C’est une affirmation qui peut effectivement être interprétée dans le sens de la conception optimiste des classiques. Et les alinéas concernent le problème de la crise dans l’œuvre importante de Lénine « Pour la caractérisation du romantisme économique », 1897, de même que quelques passages de ce travail où il donne raison à Ricardo et même à McCulloch dans leur lutte contre Sismondi sont également sujettes à caution.[3]
Mais si nous nous tournons vers les écrits ultérieurs de Lénine et en particulier ceux que cite Plekhanov, nous devons rejeter son interprétation de la parenté entre les conceptions de Lénine et de Say. Ces écrits contiennent cependant certains raisonnements unilatéraux et certaines formulations exagérées dont nous devons discuter.
Lénine avait naturellement raison quand il montrait aux populistes que leur doute sur la possibilité de la réalisation de la plus-value avait déjà trouvé une réponse dans l’analyse de Marx sur les procès de reproduction social. En réalité, Marx a montré dans ses schémas comment, si on respecte certaines proportions dans l’échange entre les industries de moyens de production et les industries de moyens de consommation, la société capitaliste peut non seulement renouveler son capital constant et variable mais qu’elle peut également l’agrandir par la capitalisation d’une partie de la plus-value. Lénine renvoie ses adversaires populistes plusieurs fois à ces schémas et ajoute : « Si on prend en considération ces propositions fondamentales sur lesquelles reposent les schémas de reproduction de Marx, alors la question de la réalisation du produit social dans la société capitaliste ne pose plus de difficulté ». Et plus loin, « en posant ces propositions théoriques fondamentales, Marx a pu expliquer complètement le procès de réalisation du produit en général et de la plus-value en particulier dans la production capitaliste. »[4]

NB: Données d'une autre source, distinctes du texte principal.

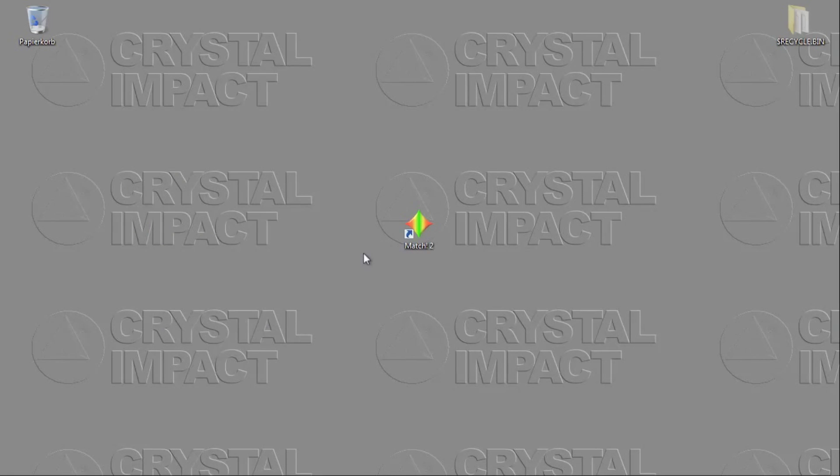Hello everybody, my name is Holger Putz. I'm the developer of the Match software.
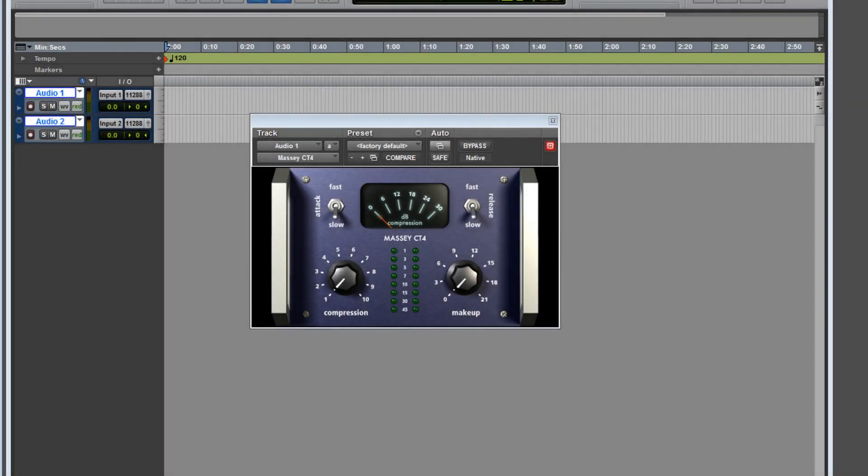Hey what's up guys, how you doing? This is Ray. I took some time off, I'm back, so let's get right to it. Over here we're looking at the Massey CT4, definitely one of my favorite compressors. I know a couple of guys that only use it for drums.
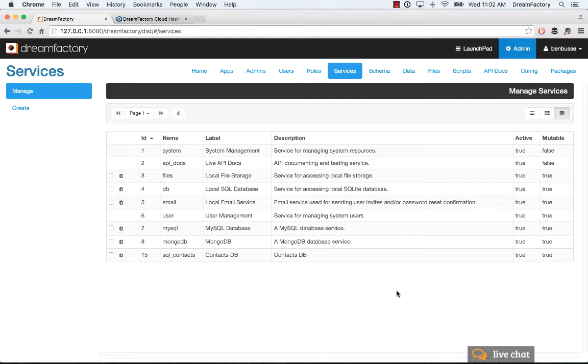Hi everyone, this is Ben with DreamFactory. In this quick tutorial, I'm going to talk about DreamFactory's MongoDB REST API.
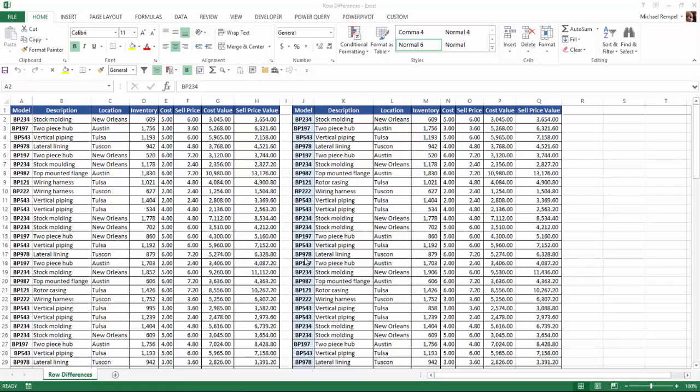So I want to use the Go To command and the special option there to find those differences easily. Now when using this you can only compare two columns at a time, but after you do that first set, the subsequent pairs are a little easier to compare.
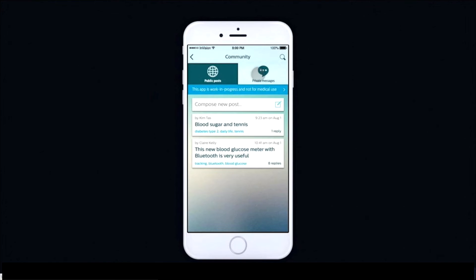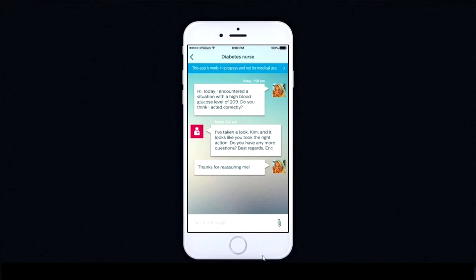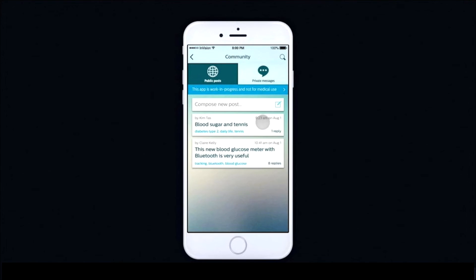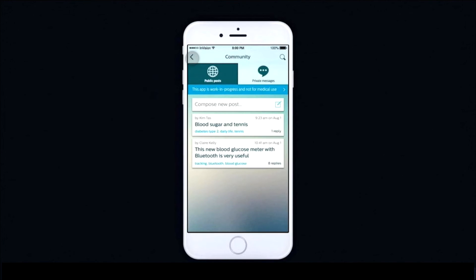An individual is able to share these readings within their community. For example, they can send a private message to a healthcare provider with information about a recent event or reading and get some feedback and guidance. They are also able to send a post in the public forum, which will go to anyone within their circle — that can be a healthcare provider, a fellow person with diabetes — and get information, guidance, coaching, support, and share ideas.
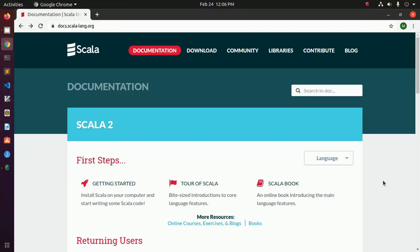In this video I am going to show how to install Scala on Linux or Ubuntu.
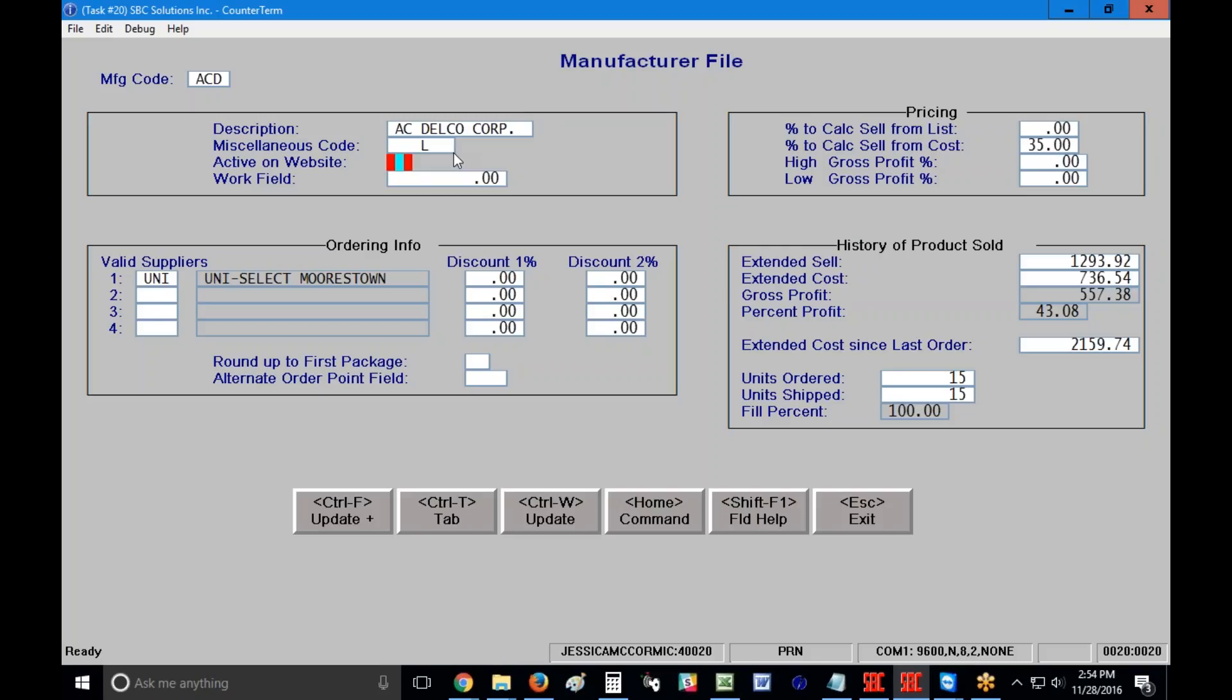Active on website. This is a yes or no question. If you have a website through SBC, you have the opportunity to tell the system whether it displays certain manufacturers. And then this work field here is simply an available field for you to enter anything that you want.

Mais ici se pose une question : Peut-on réellement considérer la preuve de la possibilité de principe de réaliser la plus-value, démonstration fournie par l’analyse marxiste, comme une explication complète du problème de la réalisation ? Puisque l’analyse du deuxième livre fait consciemment abstraction de moments aussi déterminants de la réalité capitaliste que la croissance de la composition organique du capital et l’augmentation de la plus-value relative, donc des moments qui troublent toujours à nouveau l’équilibre entre production et consommation et qui doivent donc poser des difficultés croissantes à la réalisation du produit social.
Lénine pensait (comme les marxistes légaux) pouvoir répondre à cette objection en renvoyant à la croissance relativement plus rapide des industries de moyens de production. Il souligne donc de façon répétée : « Pour la question du marché intérieur qui nous préoccupe ici, la conclusion la plus importante à tirer de la théorie de la réalisation de Marx est la suivante : la croissance de la production capitaliste et par conséquent aussi celle du marché intérieur ne repose pas sur les moyens ce consommation mais sur les moyens de production. Autrement dit, la croissance des moyens de production dépasse la croissance des moyens de consommation ».[5]
Et à un autre endroit : « La divergence entre production et consommation s’exprime, comme le montre Marx dans ses schémas, dans le fait que la fabrication de moyens de production peut et doit dépasser la fabrication de moyens de subsistance. »[6]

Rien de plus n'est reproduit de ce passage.